TASK ITEM — Leave every picture out, and write out the remaining entries exactly.

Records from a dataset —

-----

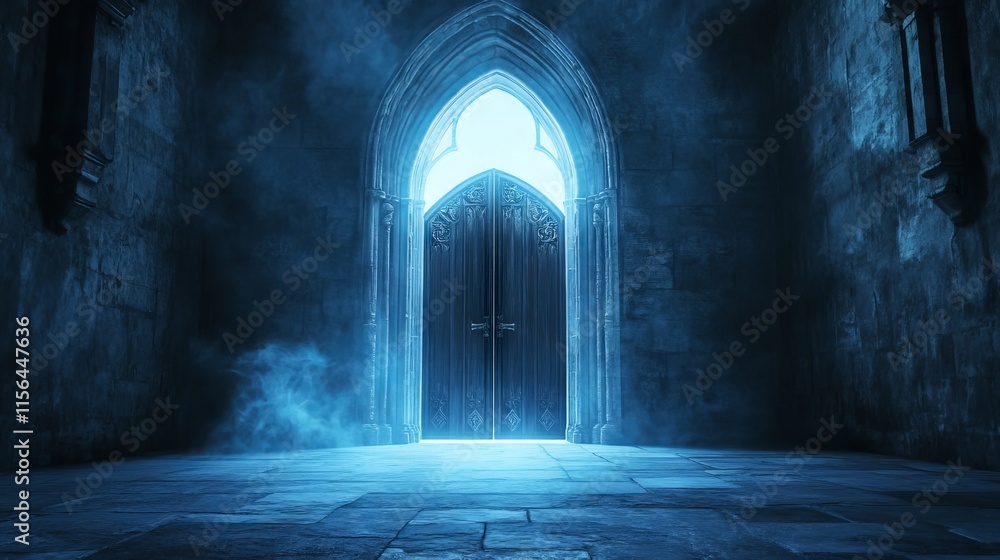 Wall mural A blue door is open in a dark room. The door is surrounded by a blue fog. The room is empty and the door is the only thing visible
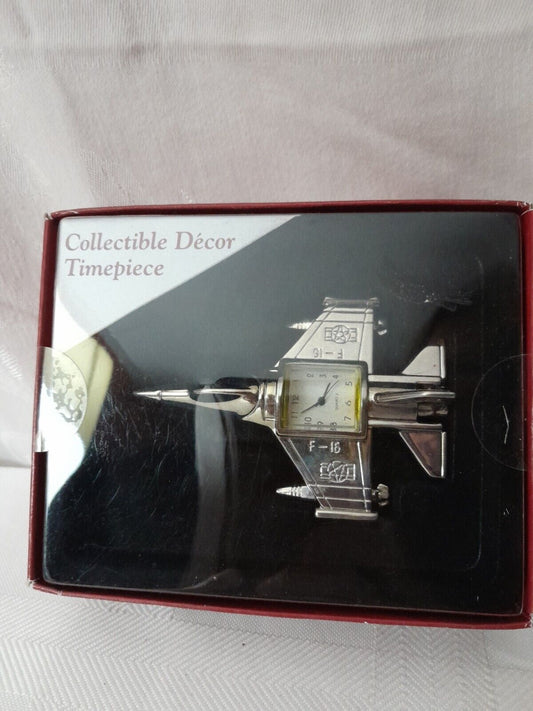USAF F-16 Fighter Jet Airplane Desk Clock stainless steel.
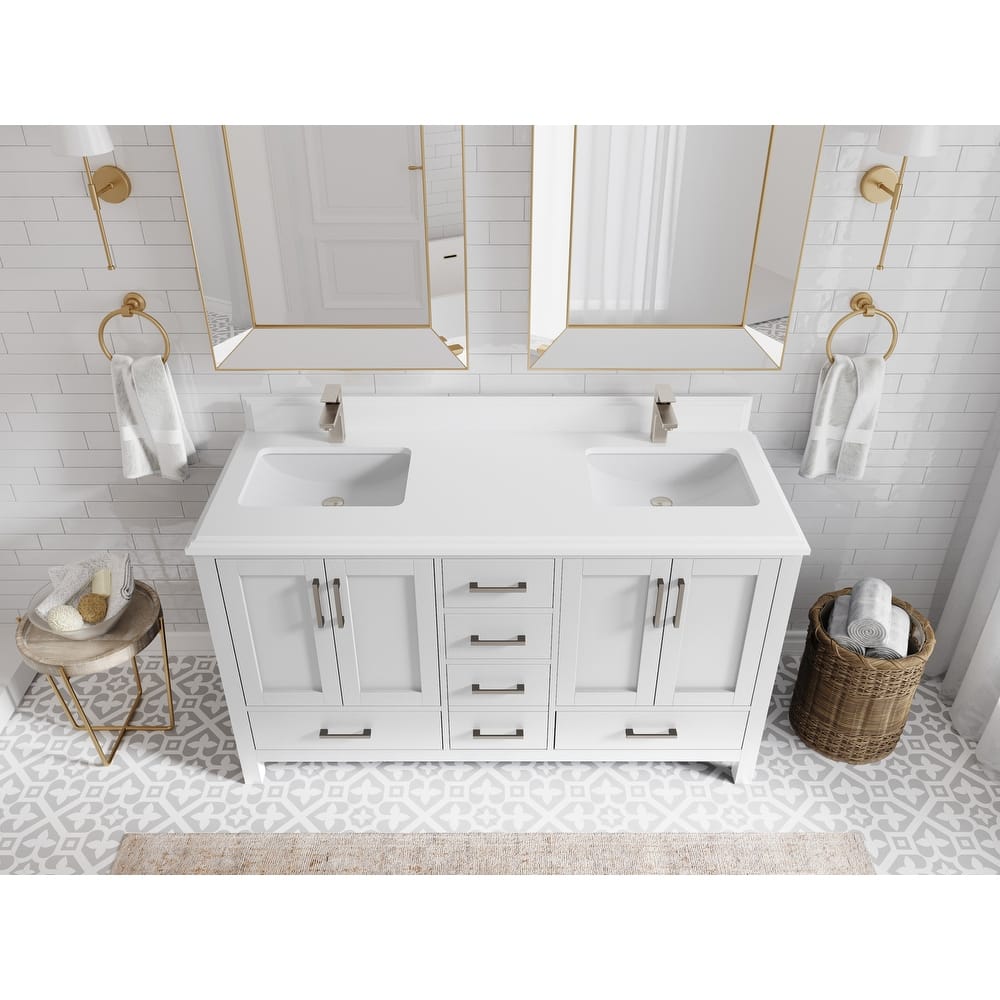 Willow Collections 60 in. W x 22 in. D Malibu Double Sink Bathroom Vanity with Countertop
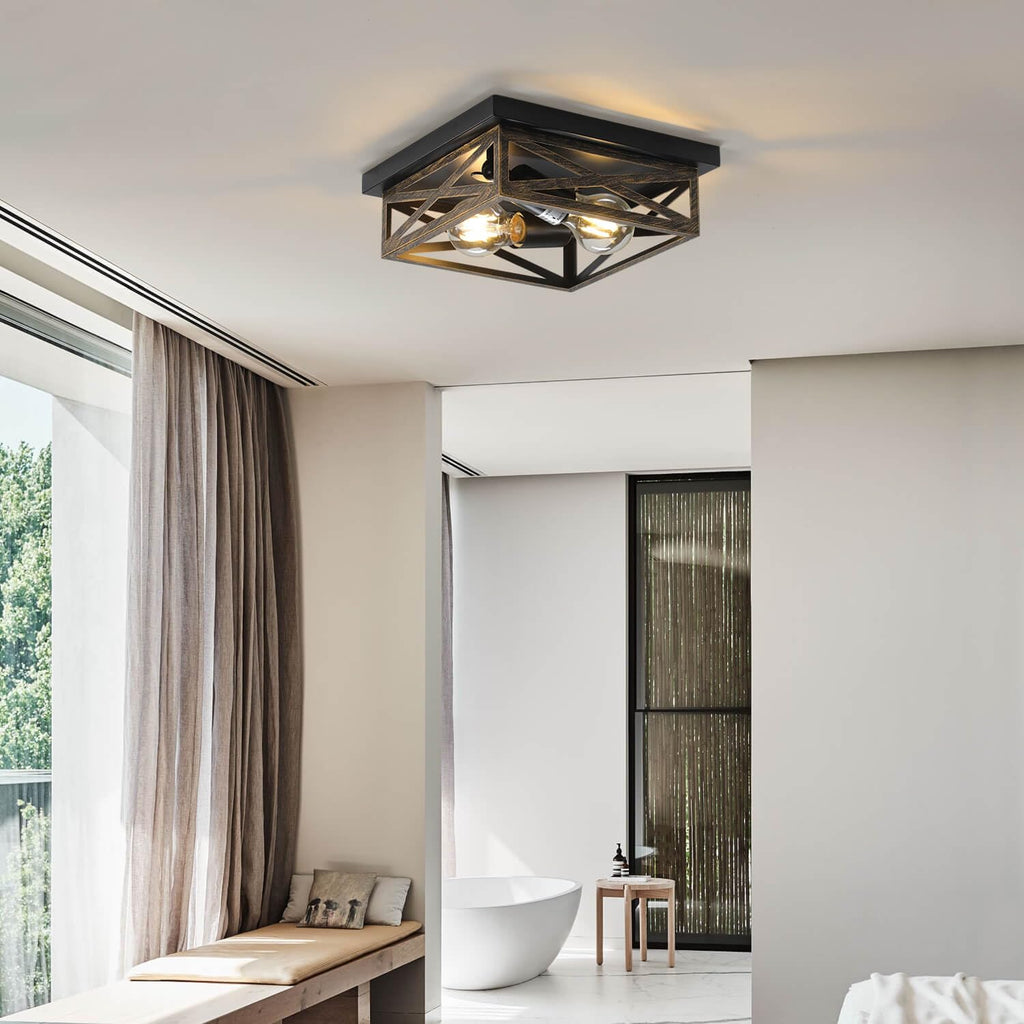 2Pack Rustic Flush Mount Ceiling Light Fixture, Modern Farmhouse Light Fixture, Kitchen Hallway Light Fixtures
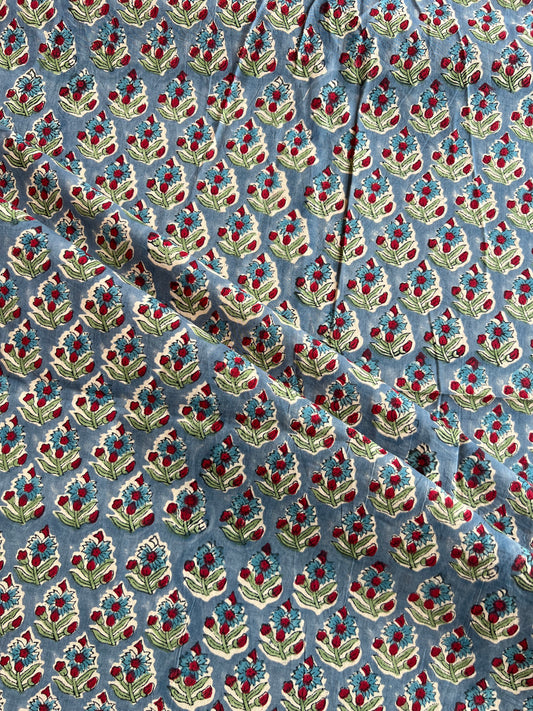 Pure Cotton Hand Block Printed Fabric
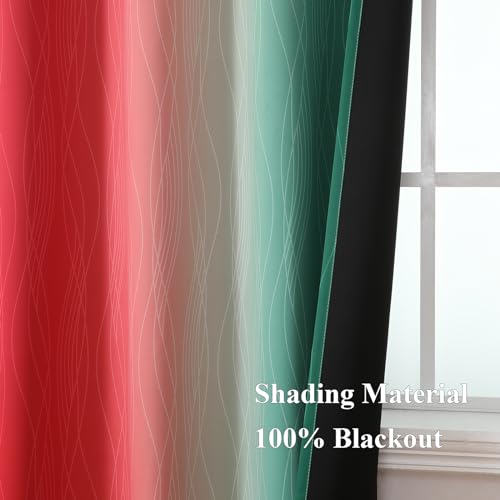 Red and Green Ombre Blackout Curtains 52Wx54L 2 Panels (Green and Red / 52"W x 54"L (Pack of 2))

-----

EXPECTED OUTPUT —
 Wall mural A blue door is open in a dark room. The door is surrounded by a blue fog. The room is empty and the door is the only thing visible
USAF F-16 Fighter Jet Airplane Desk Clock stainless steel.
 Willow Collections 60 in. W x 22 in. D Malibu Double Sink Bathroom Vanity with Countertop
 2Pack Rustic Flush Mount Ceiling Light Fixture, Modern Farmhouse Light Fixture, Kitchen Hallway Light Fixtures
 Pure Cotton Hand Block Printed Fabric
 Red and Green Ombre Blackout Curtains 52Wx54L 2 Panels (Green and Red / 52"W x 54"L (Pack of 2))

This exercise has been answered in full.